■ Given information ■
-- Opening Marker --

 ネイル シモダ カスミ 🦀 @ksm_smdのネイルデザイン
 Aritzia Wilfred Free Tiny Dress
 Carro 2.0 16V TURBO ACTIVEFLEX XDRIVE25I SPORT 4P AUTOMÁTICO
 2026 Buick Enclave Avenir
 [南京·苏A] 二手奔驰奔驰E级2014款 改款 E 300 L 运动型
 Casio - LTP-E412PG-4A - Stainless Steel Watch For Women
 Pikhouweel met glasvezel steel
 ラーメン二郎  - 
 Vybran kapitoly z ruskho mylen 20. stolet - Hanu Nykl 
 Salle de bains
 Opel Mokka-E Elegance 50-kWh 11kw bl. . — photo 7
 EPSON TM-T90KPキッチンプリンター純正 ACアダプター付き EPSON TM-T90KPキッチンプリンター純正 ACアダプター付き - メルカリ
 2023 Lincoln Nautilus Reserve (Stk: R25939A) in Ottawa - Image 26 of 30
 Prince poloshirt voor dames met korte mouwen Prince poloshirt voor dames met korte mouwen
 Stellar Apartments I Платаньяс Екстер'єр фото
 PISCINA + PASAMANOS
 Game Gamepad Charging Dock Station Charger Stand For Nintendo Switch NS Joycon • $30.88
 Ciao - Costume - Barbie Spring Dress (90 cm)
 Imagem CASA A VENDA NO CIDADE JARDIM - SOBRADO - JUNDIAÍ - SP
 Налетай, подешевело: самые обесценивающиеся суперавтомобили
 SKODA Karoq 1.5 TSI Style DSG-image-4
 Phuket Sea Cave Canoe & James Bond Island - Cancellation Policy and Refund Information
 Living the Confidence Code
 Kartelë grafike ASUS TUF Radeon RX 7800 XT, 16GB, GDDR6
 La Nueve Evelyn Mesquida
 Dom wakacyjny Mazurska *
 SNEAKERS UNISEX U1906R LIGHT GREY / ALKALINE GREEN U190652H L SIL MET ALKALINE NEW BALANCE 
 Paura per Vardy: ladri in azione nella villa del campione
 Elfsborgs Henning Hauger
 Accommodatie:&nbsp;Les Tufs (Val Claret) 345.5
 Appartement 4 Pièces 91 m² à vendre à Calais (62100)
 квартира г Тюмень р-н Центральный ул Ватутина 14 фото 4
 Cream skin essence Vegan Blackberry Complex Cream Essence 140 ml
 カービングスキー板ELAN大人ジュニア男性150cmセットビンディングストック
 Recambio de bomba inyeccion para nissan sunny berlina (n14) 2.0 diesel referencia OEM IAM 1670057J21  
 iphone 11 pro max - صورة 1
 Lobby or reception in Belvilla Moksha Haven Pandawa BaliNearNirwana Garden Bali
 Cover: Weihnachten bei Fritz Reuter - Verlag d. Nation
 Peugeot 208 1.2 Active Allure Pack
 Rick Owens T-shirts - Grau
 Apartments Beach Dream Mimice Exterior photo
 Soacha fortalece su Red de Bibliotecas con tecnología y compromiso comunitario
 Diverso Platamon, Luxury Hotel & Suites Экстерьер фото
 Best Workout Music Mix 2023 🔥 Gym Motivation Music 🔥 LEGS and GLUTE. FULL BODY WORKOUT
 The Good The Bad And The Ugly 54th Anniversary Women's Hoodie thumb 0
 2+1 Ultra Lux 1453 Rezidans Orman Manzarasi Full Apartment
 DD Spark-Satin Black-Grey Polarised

-- Closing Marker --

■ Task requirements ■
Beginning at the line with "Cream skin essence" and ending at the line with "Rick Owens T-shirts - Grau", reproduce each line of the data above exactly, and add no other lines.

■ Task response ■
 Cream skin essence Vegan Blackberry Complex Cream Essence 140 ml
 カービングスキー板ELAN大人ジュニア男性150cmセットビンディングストック
 Recambio de bomba inyeccion para nissan sunny berlina (n14) 2.0 diesel referencia OEM IAM 1670057J21  
 iphone 11 pro max - صورة 1
 Lobby or reception in Belvilla Moksha Haven Pandawa BaliNearNirwana Garden Bali
 Cover: Weihnachten bei Fritz Reuter - Verlag d. Nation
 Peugeot 208 1.2 Active Allure Pack
 Rick Owens T-shirts - Grau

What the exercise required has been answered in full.